Die Zusammenarbeit von Lido mit anderen öffentlichen Ketten verlief nicht reibungslos. Bereits Anfang dieses Jahres gab Mixbytes, ein Smart-Contract-Audit-Unternehmen, das mit Lido kooperiert hatte, bekannt, dass Lido ab dem 1. August keinen technischen und Entwicklungssupport mehr für Polkadot und Kusama leisten werde. Diese Entscheidung war auf mehrere Herausforderungen zurückzuführen, darunter Marktbedingungen, Protokollwachstum, Kapazitätsbeschränkungen und Unternehmensstrategien. Bald darauf wurde Solana auch Lidos nächster Partner. Aufgrund wirtschaftlicher Verluste machte P2P Validator jedoch einen Vorschlag, die Lido-Dienste auf Solana einzustellen, was schließlich von der Community unterstützt wurde. Die Arbitrum-Community hat auch begonnen, Lido in Frage zu stellen, was Lido möglicherweise vor weitere Herausforderungen stellt.

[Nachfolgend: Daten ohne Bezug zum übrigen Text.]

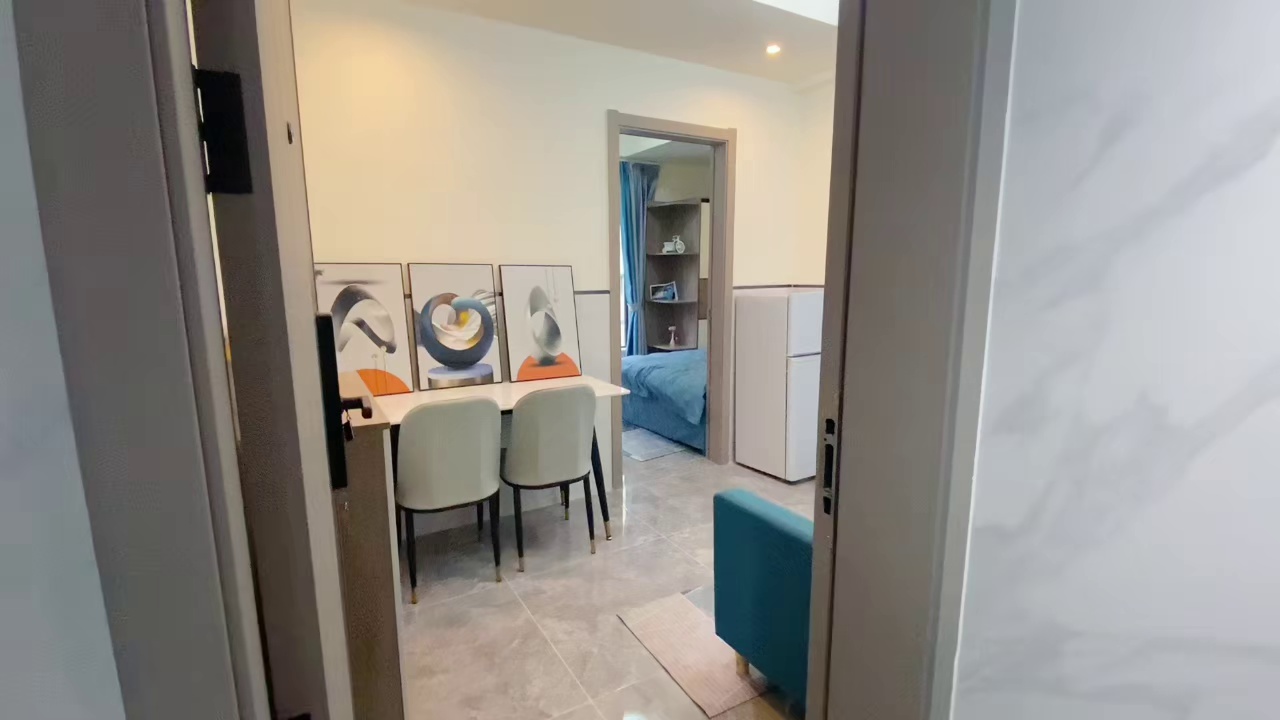 大浪时尚小镇,电梯1房1799全包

Obwohl die jüngsten Upgrades dazu geführt haben, dass Ethereum effizienter läuft, hat Lidos rasanter Aufstieg es vor neue Herausforderungen gestellt. Der Erfolg von Lido hat viele Benutzer angezogen, aber auch in einigen Gemeinden und Branchen Anlass zur Sorge gegeben. Die Schließung anderer öffentlicher Kettendienste und die Konzentration auf Ethereum können, obwohl sie der Marktnachfrage entsprechen, auch einige potenzielle Risiken mit sich bringen. Derzeit muss Lido sorgfältig darüber nachdenken, wie es mit diesen Herausforderungen umgehen kann, um seine nachhaltige Entwicklung in der Zukunft sicherzustellen.